In the end it was decided to ask the local education authority to store them, with the understanding that they were to be accessible by schools and groups in the area (including, I hope, visiting malae working with local children). Tony and I felt sad that we hadn’t been able to find a more community-based home for them. Would the Motolori children ever see them again? They loved playing them so much! And had developed such strong skills on them. We also remembered the way some of the teenage boys from the Plan International band recording program had dropped by the house one afternoon, and after watching the local youngsters playing the chime bars, been eager to play them and utilise them in their own songs.

Tony decided to give the kakalos to Maun M and his family. After all, he had been the inspiration for making them, he seemed to be the most engaged, music-minded adult we had met locally (the recorders Tony and given them were played constantly in that house, usually well past midnight), and his large family had been part of our jams from the very beginning.

I had some misgivings. We’d gathered, even from before the event of the burglary, that people seemed to distrust this family. And at the certificate presentation, I felt unsettled by the cockiness some of those boys seemed to be displaying to the others. When the other regular boys heard of the plan to house the kakalos with that household, they looked distinctly dismayed, even horrified.  Does everyone know who came into our house? I wondered to myself. Do they think that it was someone from this family Are we being gullible fools?

But we’d never know the answer to this. And in the end Tony had the right response.

“Just let the community sort it out. If we’ve made the wrong choice, then the community will put it right. We’re in no position to ever make a decision with all the facts to hand, because we’ll never know all the facts! And we can’t control what happens after we leave anyway.”

So that was how we dispersed all the musical materials. And despite my concerns about the fate of the kakalo collection and the opportunities the local boys might have to play them – or any other instruments – from now on, I couldn’t help but nurse some small hopes. Wouldn’t it be great, I mused to Tony and Kim, if, when we or Many Hands come back, there is a kakalo ensemble here in Motolori? Maybe they will organise themselves and continue to play. Maybe someone will take notice of them, and they’ll get to perform. Maybe in a year or two, the Lospalos kakalo players will be invited to Ramelau Festival, or the Dili Independence Day Cultural Festival!

That would be a great outcome indeed. We also gave Maun M’s name to the kindergarten teacher. “This is the man who can make more of these instruments”, we told her. Another wonderful outcome, therefore, might be about a change in status for this family and for Maun M in particular, recognised as cultural contributors, as the go-to guy for all bamboo instruments and musical ideas. This too, would be a great thing.

Legacies are hard to attribute or predict! In any case, this residency was more about cultural exchange and learning, than about me leaving some kind of legacy in Lospalos. But during the time that we were there, some things did seem to change. From the time that we started to play our instruments on the verandah, other wind instruments began to appear in the street – bits of pipe, a recorder, even an ancient old buffalo horn. These were heard everyday, at all times of the day.
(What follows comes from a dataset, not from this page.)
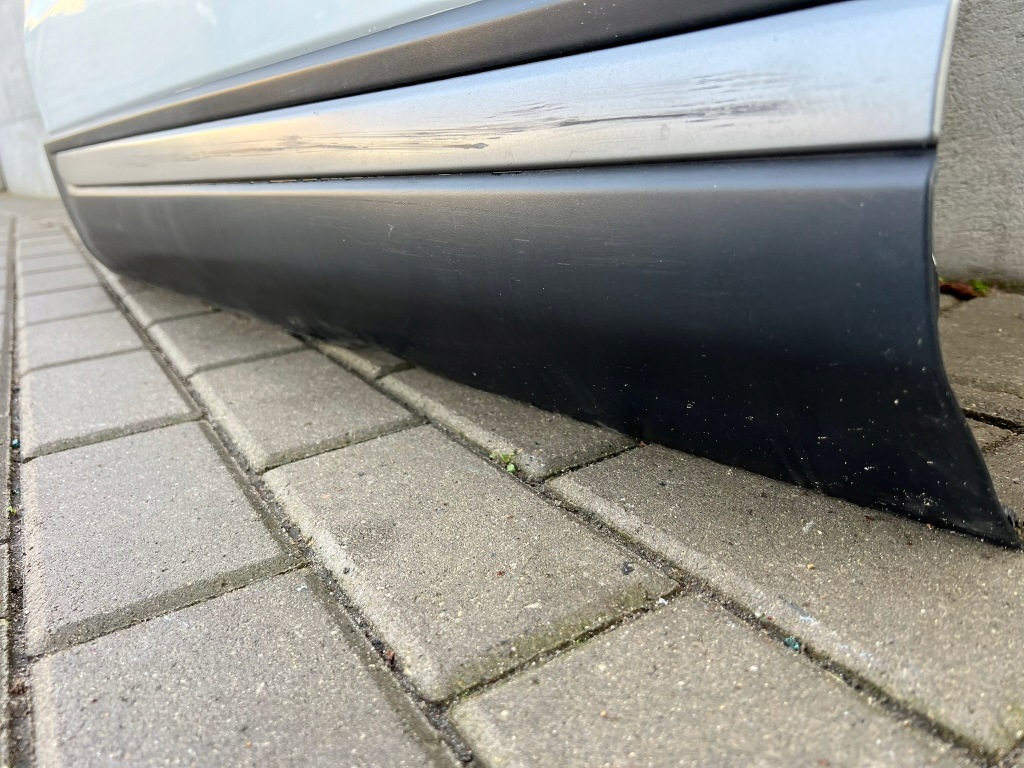 фото №5, Двері range rover evoque i 2011 - 2018 перед лівий передні ліва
People also sang a lot. They do this anyway, but lots of the songs that we heard them singing were songs we’d taught or sung in our verandah sessions.

Also, children played games together in our garden who at the beginning, didn’t play together at all (such as the landlord’s children, who at the beginning always went back to their house as soon as the dirty, noisy, rough boys from over the road turned up to play). Maun M came with us to play live on Community Radio, after having a recorder for just a day, and his skills as an instrument-maker attracted the attention of all the ANAM students as well as us. (This may have resulted in resentment towards him from others in the street, which may be why he was fingered as the culprit in our burglary – this was one theory that was posited).
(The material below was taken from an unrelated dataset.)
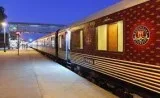 Luxury Train Vacation India  Luxury Train Vacations in India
Who knows, all of these things may have happened anyway. Or they might be part of the natural cycle of life and activities that is always unfolding in Lospalos. But there we were, living amongst that community for one small part of that life. We instigated some new activities, and I do hope that those experiences and interactions with us have created some new senses of possibility and change for those we met and engaged with. I hope that all the people we worked with have been changed by the experience as much as we have.

The last verandah jam

Kids were hanging around all day that last Sunday, waiting for us to start playing. It was a busy day for me – there was a whole house to clean and pack up, people to farewell, and certificates to write out. We told them we’d start playing at 4pm.

Rain started to pour just as we started the jam. As always, the udan boot [heavy rain; literally, ‘rain big’] was heavy and noisy and relentless, the kind of big, wet rain that drenches the ground in minutes and that always seems to inspire Timorese children to fling off their clothes and run around naked. It inspires the same in me, truth be told, but I exercised great restraint and stayed clothed and dry under the roof of the verandah.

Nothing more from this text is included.